Array. The `deviceQuery`

above says that I have a total amount of 14 MPs on this GPU but I still get error messages like this

```
ERROR: LoadError: CUDA error: an illegal instruction was encountered (code #715, ERROR_ILLEGAL_INSTRUCTION)
Stacktrace:
[1] #upload!#10(::Bool, ::Function, ::CUDAdrv.Mem.Buffer, ::Ptr{Float64}, ::Int64, ::CuStream) at C:\Users\Noobie\.julia\packages\CUDAdrv\JWljj\src\base.jl:147
[2] upload! at C:\Users\Noobie\.julia\packages\CUDAdrv\JWljj\src\memory.jl:229 [inlined] (repeats 2 times)
[3] unsafe_copyto! at C:\Users\Noobie\.julia\packages\CuArrays\PD3UJ\src\array.jl:161 [inlined]
[4] copyto!(::CuArray{Float64,1}, ::Array{Float64,1}) at C:\Users\Noobie\.julia\packages\GPUArrays\t8tJB\src\abstractarray.jl:110
[5] CuArray{Float64,1}(::Array{Float64,1}) at C:\Users\Noobie\.julia\packages\CuArrays\PD3UJ\src\array.jl:85
[6] CuArray(::Array{Float64,1}) at C:\Users\Noobie\.julia\packages\CuArrays\PD3UJ\src\array.jl:95
[7] top-level scope at none:0
in expression starting at C:\Users\Noobie\Documents\TESTJULIAGPU\inital_data.jl:31
```

Is it possible that I missed something?
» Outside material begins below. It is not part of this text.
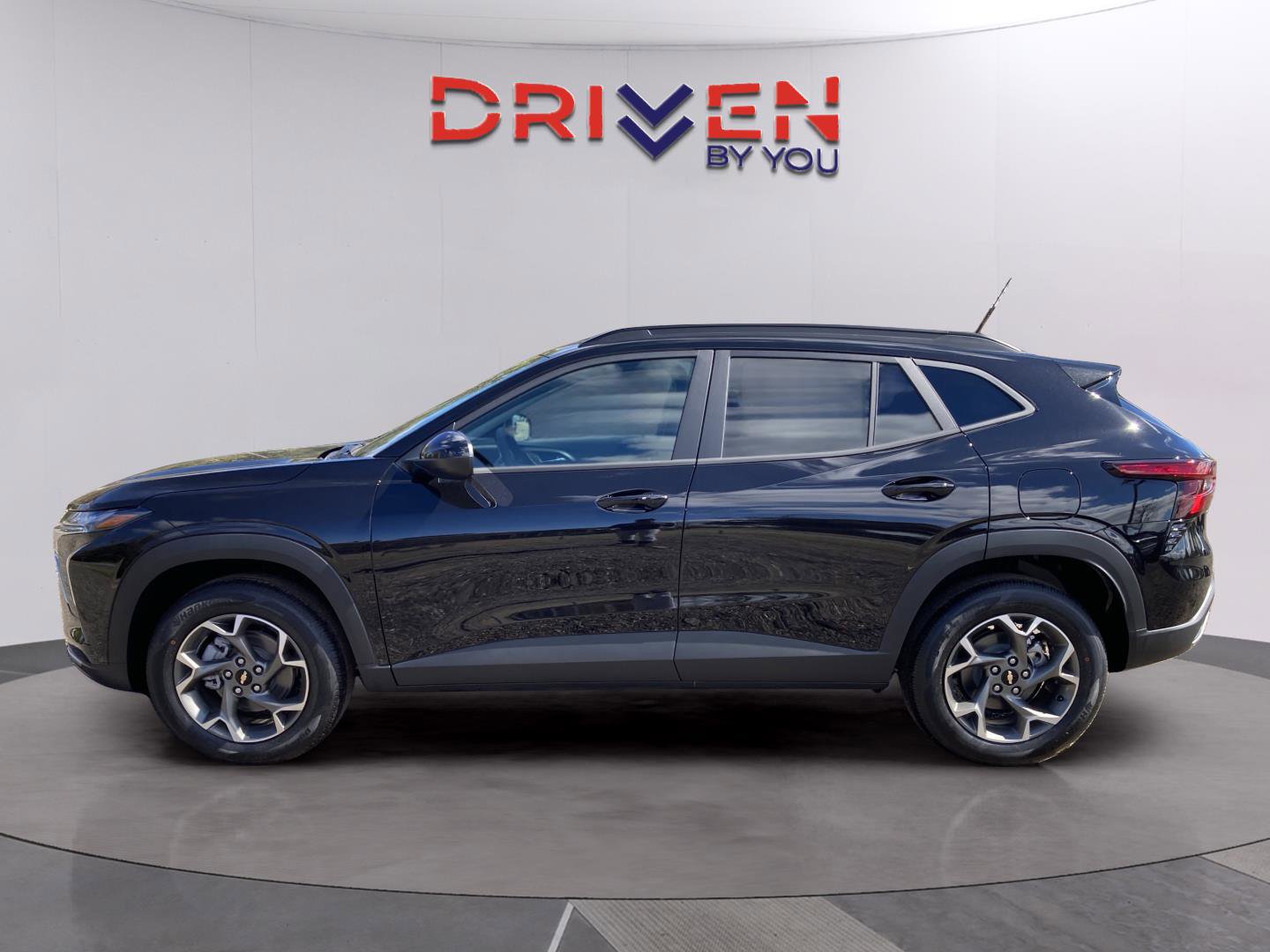 New 2026 Chevrolet Trax LT w/ Driver Confidence Package image 2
Or did I confound my threads/blocks organization? Im relatively new at GPU programming but I thought I got the underlying basics… which is obviously not case. It would be great if someone can tell me what is my misstake here.

So I know that is maybe not the most efficient method to generate this data (when you have performance improvement tips I’m open and thankful for your comments) but I think, at least it should work.

Further, I want to use the full potential of my GPU, so I want to run the kernel at all MPs so it must be possible to calculate 7 slices of my 3D Array at once, is this possible at all?